_PROVIDED DATA:_
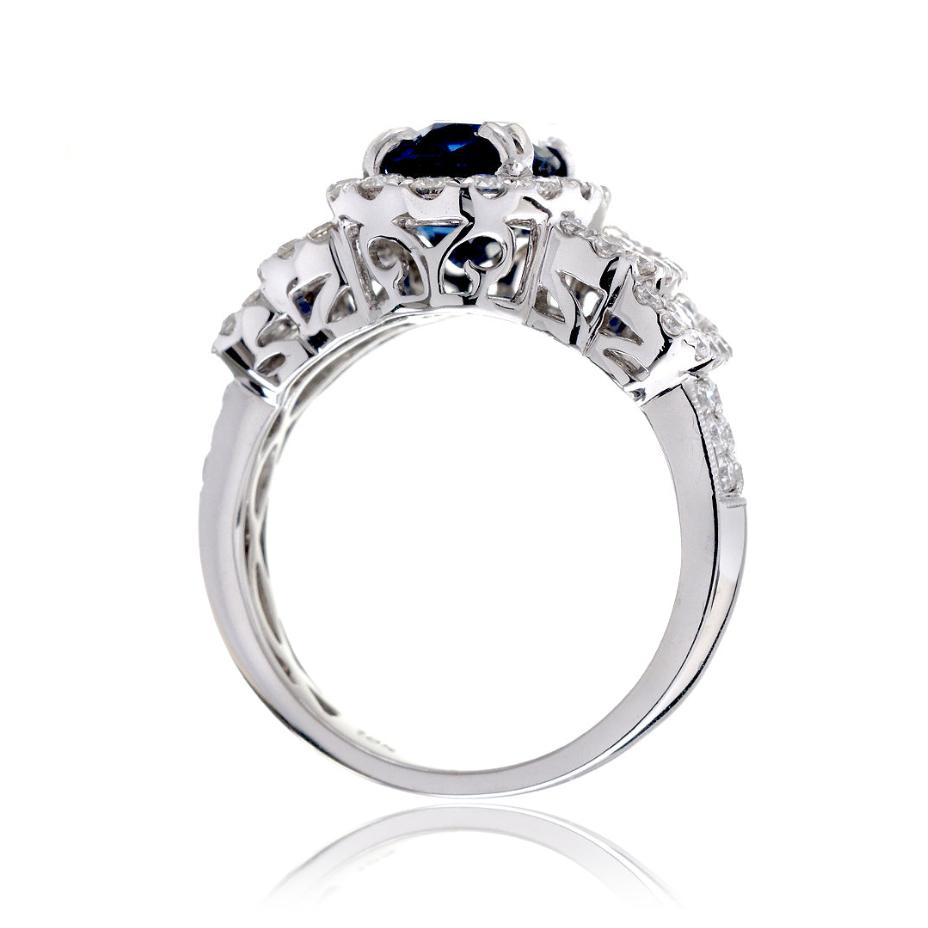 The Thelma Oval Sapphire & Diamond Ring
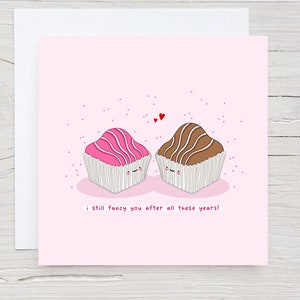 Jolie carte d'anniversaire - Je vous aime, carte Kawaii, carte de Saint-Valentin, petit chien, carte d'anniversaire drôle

==

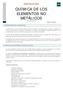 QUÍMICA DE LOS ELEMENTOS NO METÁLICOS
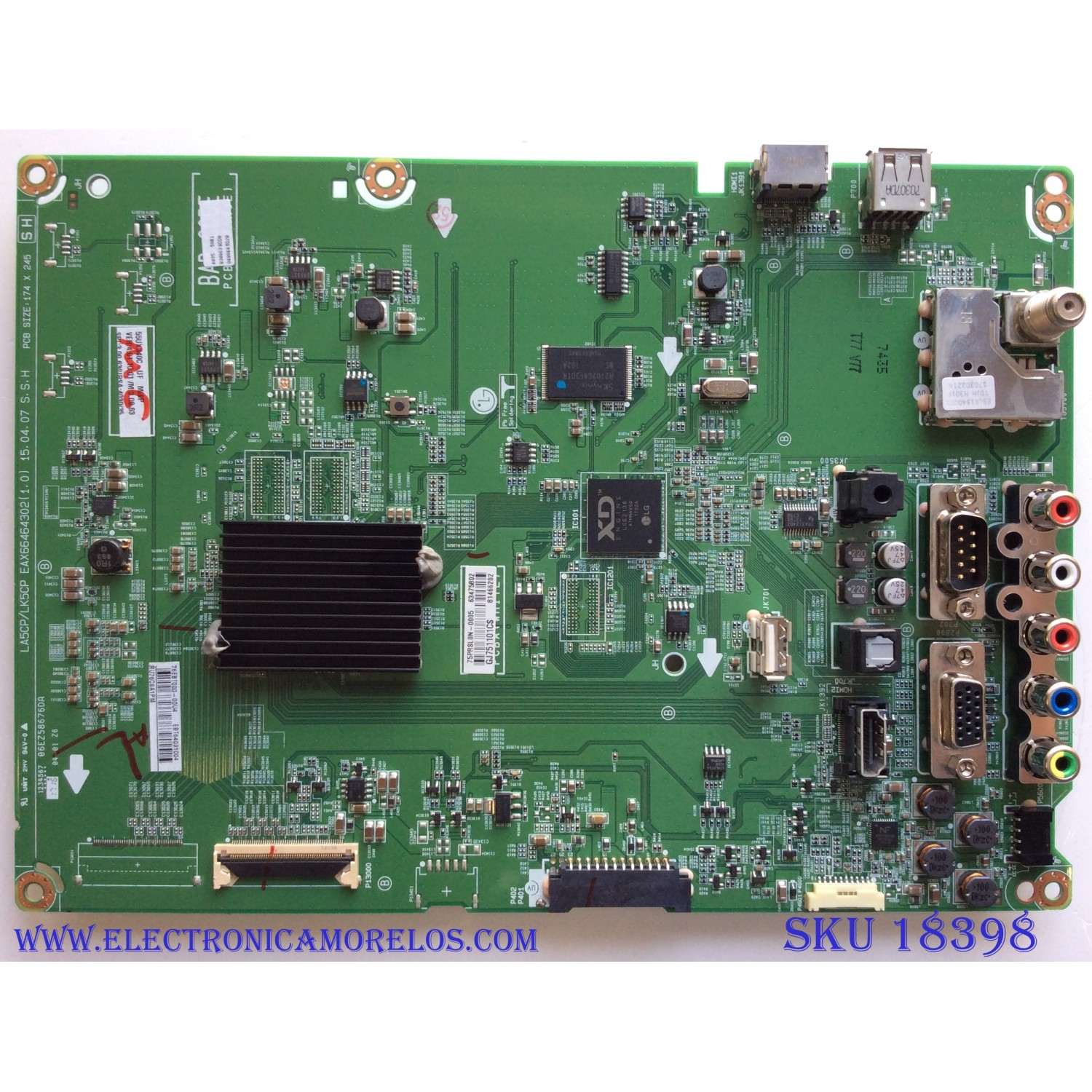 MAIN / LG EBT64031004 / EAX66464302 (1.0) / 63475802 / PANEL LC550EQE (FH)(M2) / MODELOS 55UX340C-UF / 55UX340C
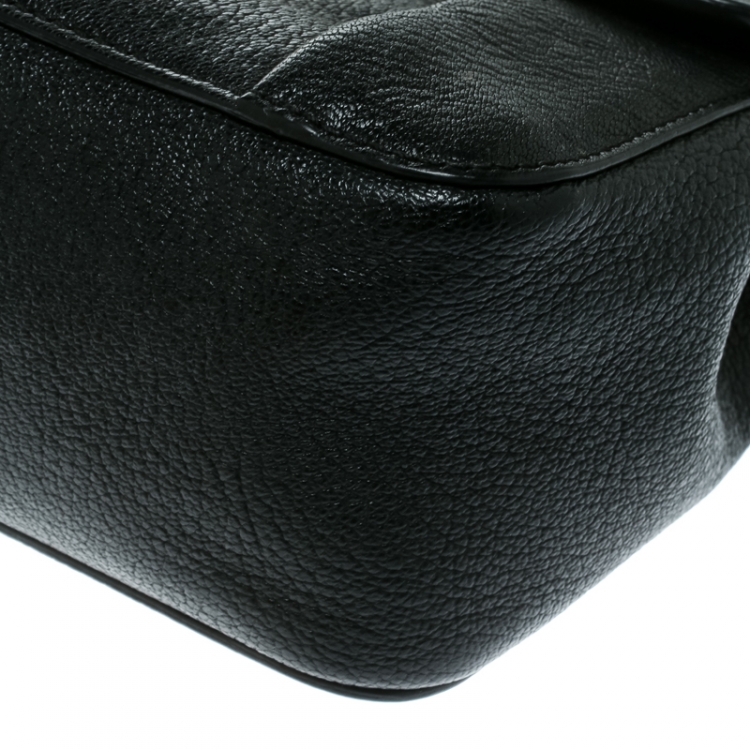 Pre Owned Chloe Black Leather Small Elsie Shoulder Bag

_ACTIVITY:_
Going back to the data above, write out everything from the line with "The Thelma Oval Sapphire & Diamond Ring" down to the line with "Jolie carte d'anniversaire", both included, leaving every picture out.

_RESULT OF THIS EXERCISE:_
 The Thelma Oval Sapphire & Diamond Ring
 Jolie carte d'anniversaire - Je vous aime, carte Kawaii, carte de Saint-Valentin, petit chien, carte d'anniversaire drôle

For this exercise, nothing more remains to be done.